Aim of the task => Where a picture appears in the data below, exclude it; restate everything else word for word.
Start of Data block
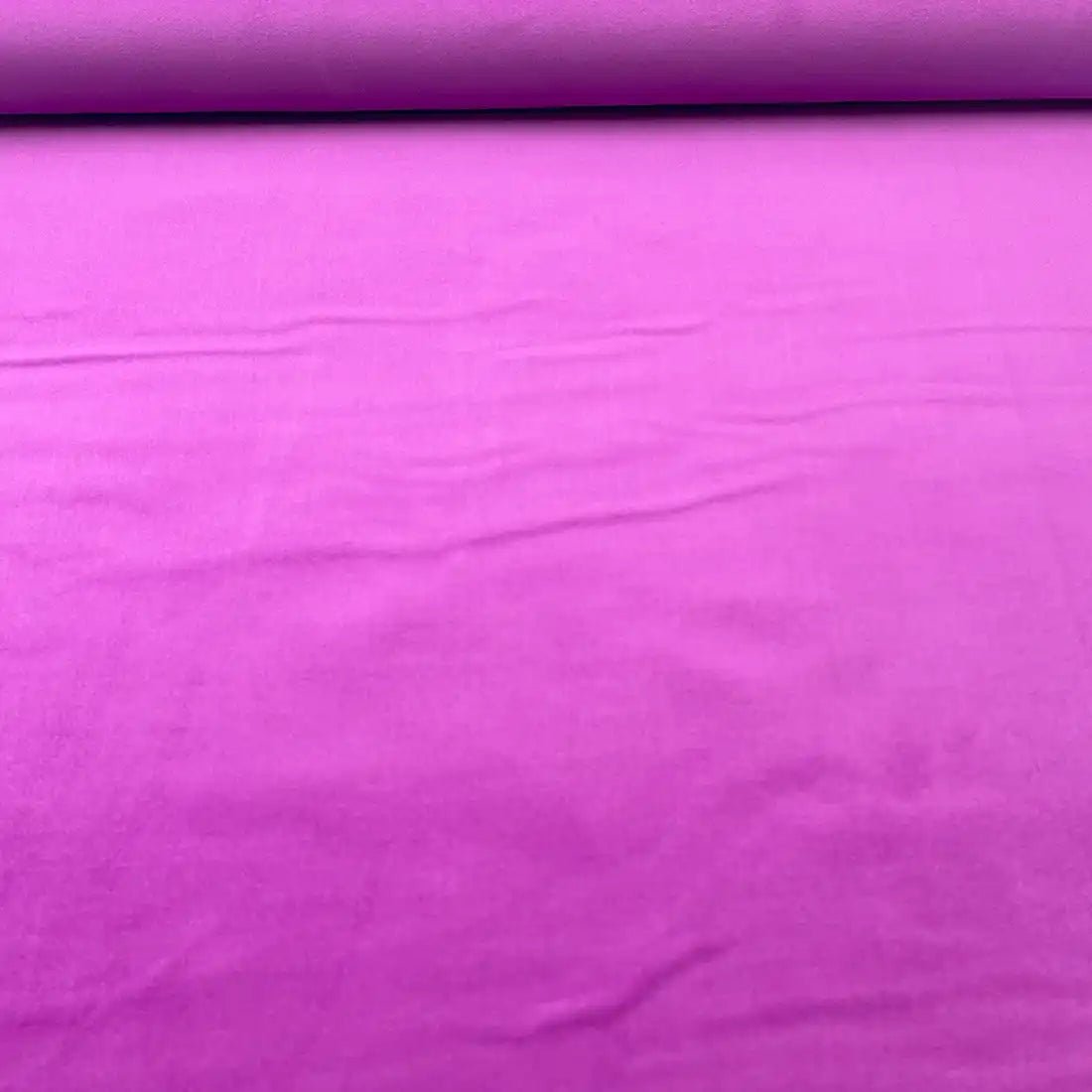 Tissu Velours Uni Violet Intense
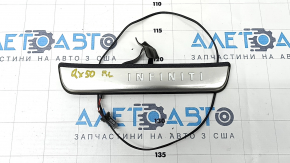 Door sill trim outer rear left Infiniti QX50 19- chrome with backlight, scratches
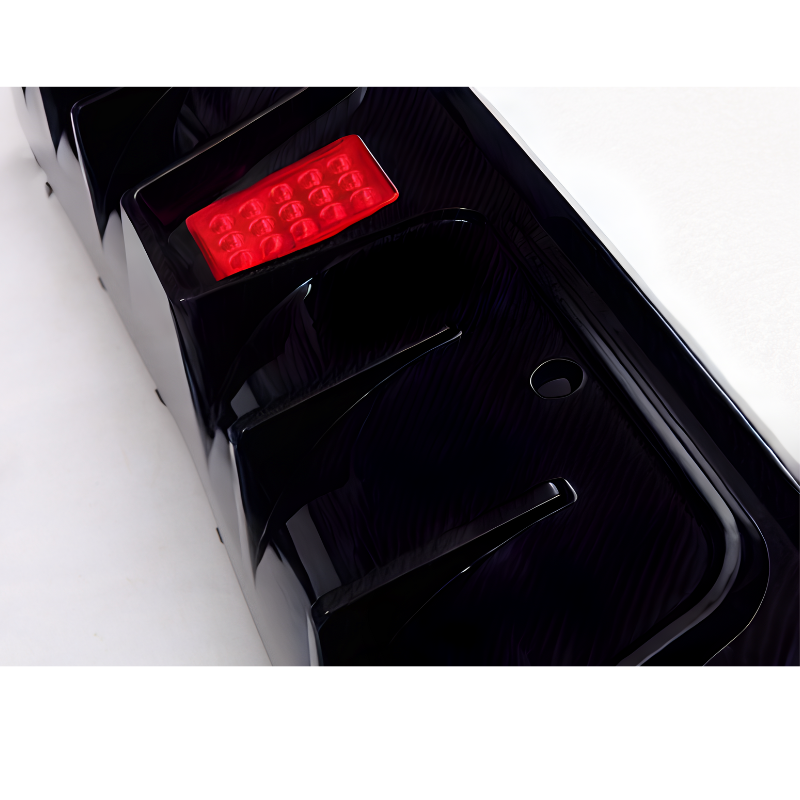 C Class - C205: Gloss Black Brabus Style LED Diffuser 15-18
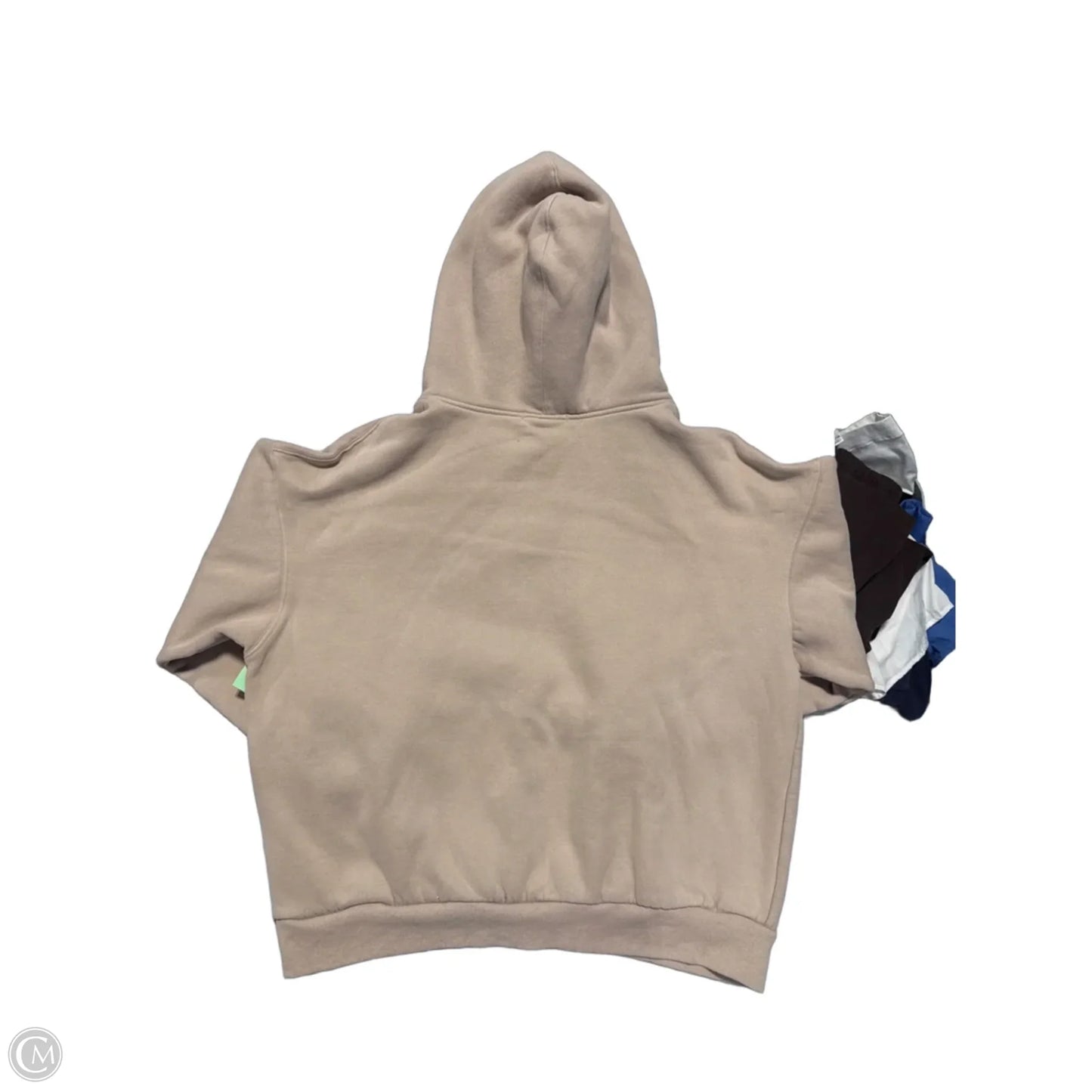 Sweatshirt Hoodie By Trendy Queen In Tan, Size: L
End of Data block
Response area =>
 Tissu Velours Uni Violet Intense
 Door sill trim outer rear left Infiniti QX50 19- chrome with backlight, scratches
 C Class - C205: Gloss Black Brabus Style LED Diffuser 15-18
 Sweatshirt Hoodie By Trendy Queen In Tan, Size: L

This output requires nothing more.